Monday afternoon, Mike joined me to tackle my current bug. The problem: On one database, the program was strangely crashing while trying to get text for an entity. With a bit debugging, we discovered that it didn't happen if we didn't ask for extraction annotations, and it didn't happen if we were able to use cached entities from the database instead of re-extracting.
After a lot of staring at the crash site and pondering, I added a flush to the output generation, so that we could look at the annotations from earlier documents. We discovered that every single entity annotation was wrong--sometimes they were just blank, sometimes they were showing nasty sequences of unprintable high-ASCII characters.

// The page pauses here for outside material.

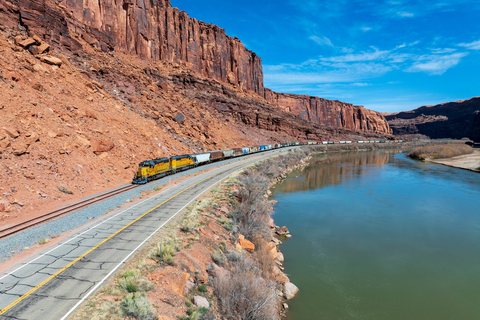 EMD SD40N 1640: UP SD40N 1640 and 1605 - Moab, Utah (USA)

This was a clue that darker things were afoot.
And sure enough, we found those darker things. The locations that were being used to extract the text were supposed to be relative to the source file. Actually, they were equal to 'offset in an internal buffer containing a distorted copy of the document's text' plus 'offset of that document in the source'. And then the locations were being used by another buffer that contained a copy of part of the text in the previously-mentioned buffer--but not the part of the text that this location came from.
It was at that point that I started imitating seppuku with the rubber fish.
Fixing this was complicated by the fact that there were three different classes that had this different information. But we finally managed to fix this bug. Part of this fix involved delicately munging the whole-document buffer to insert garbage corresponding to the document markup in the source, so that that buffer would have its text parts at the locations that corresponded to the source locations. Sigh... this is a house-of-cards solution at best.
One conclusion of software testing is that future bugs discovered in a piece of code tend to be proportional to the number of bugs found in that code in the past. So after the number of defects in a given piece of code becomes sufficiently high, it's time to rewrite that piece of code instead of continuing to patch it. We have definitely hit that defect level with locations and with the way the extraction subsystem deals with locations. Mike has fought with these location issues already before. But we probably won't have time to rewrite it any time soon.
As a postscript: on Tuesday, we pursued a similar bug. We discovered (with much less difficulty, thank Bog) that another code path was double-correcting for the document offset. So we had to restructure things yet again...